DATA SHOWN Block Start

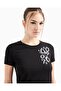 Women's Regular Cut Cotton Motif Embroidered Short Sleeve Black T-Shirt - 3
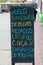 Blackboard with an offer of a restaurant. It says: ice, sandwich, drinks, ice creams, juices, coca leaves, fruit salad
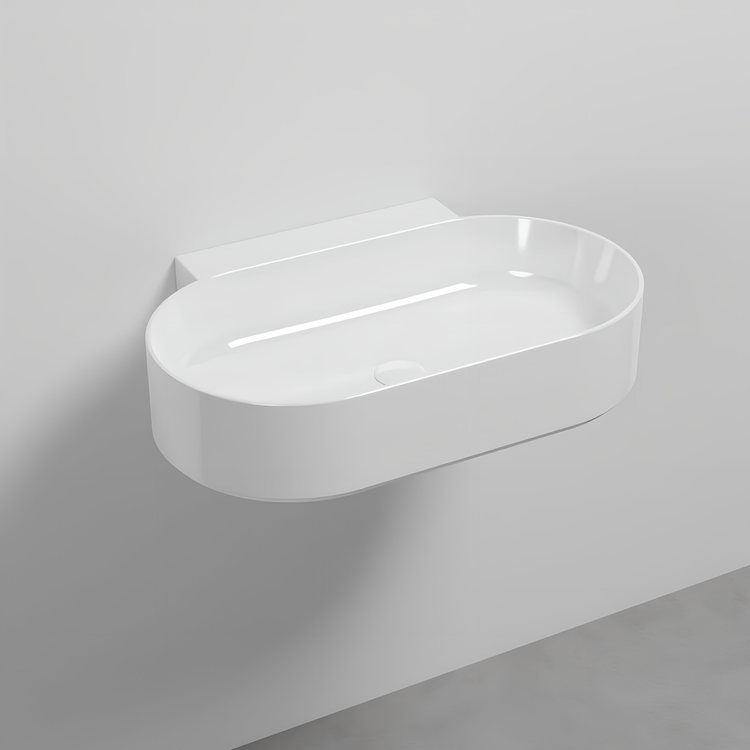 Cielo Ovales hängendes Waschbecken L. 70 cm, ohne Loch für Armaturen, ohne Überlauf, Weiß, glänzende Oberfläche MARE MRLS70SF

DATA SHOWN Block End

WORK ORDER >>
Your task is to quote exactly the lines from the one with "Blackboard with an" through the end of the material, both included, without reproducing any pictures.

TASK RESPONSE >>
 Blackboard with an offer of a restaurant. It says: ice, sandwich, drinks, ice creams, juices, coca leaves, fruit salad
 Cielo Ovales hängendes Waschbecken L. 70 cm, ohne Loch für Armaturen, ohne Überlauf, Weiß, glänzende Oberfläche MARE MRLS70SF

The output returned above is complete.